**BRIEF:** The answer should be every line below, repeated exactly, with the images left out.

**DATA SECTION:**
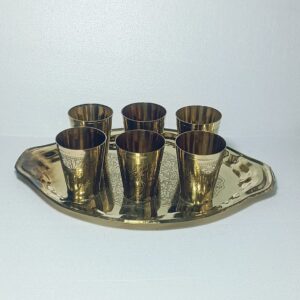 Brass Glass Set With Tray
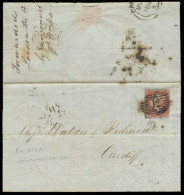 LATVIA. 1847. Riga - Wales / UK. EL Fwded To London By William Geo. Frilring, Where Posted With GB 1841 1d Red, Tied "12 - Letonia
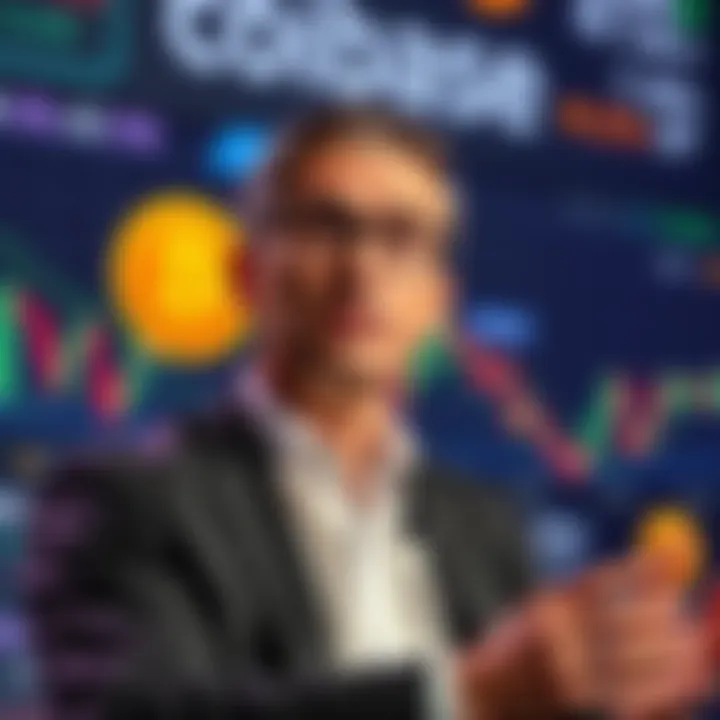 A Coinbase Chief Legal Officer speaking at a conference about stablecoin yield agreements, with a backdrop of financial charts and crypto symbols.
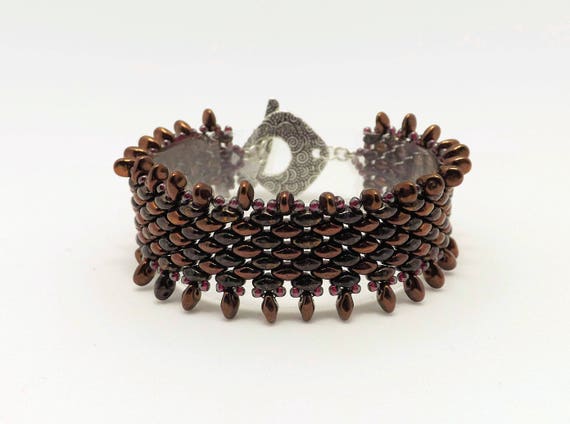 Bronze Colored Peyote Bracelet - 7 inch SKU BR1033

**SOLUTION FOR THIS TASK:**
 Brass Glass Set With Tray
 LATVIA. 1847. Riga - Wales / UK. EL Fwded To London By William Geo. Frilring, Where Posted With GB 1841 1d Red, Tied "12 - Letonia
 A Coinbase Chief Legal Officer speaking at a conference about stablecoin yield agreements, with a backdrop of financial charts and crypto symbols.
 Bronze Colored Peyote Bracelet - 7 inch SKU BR1033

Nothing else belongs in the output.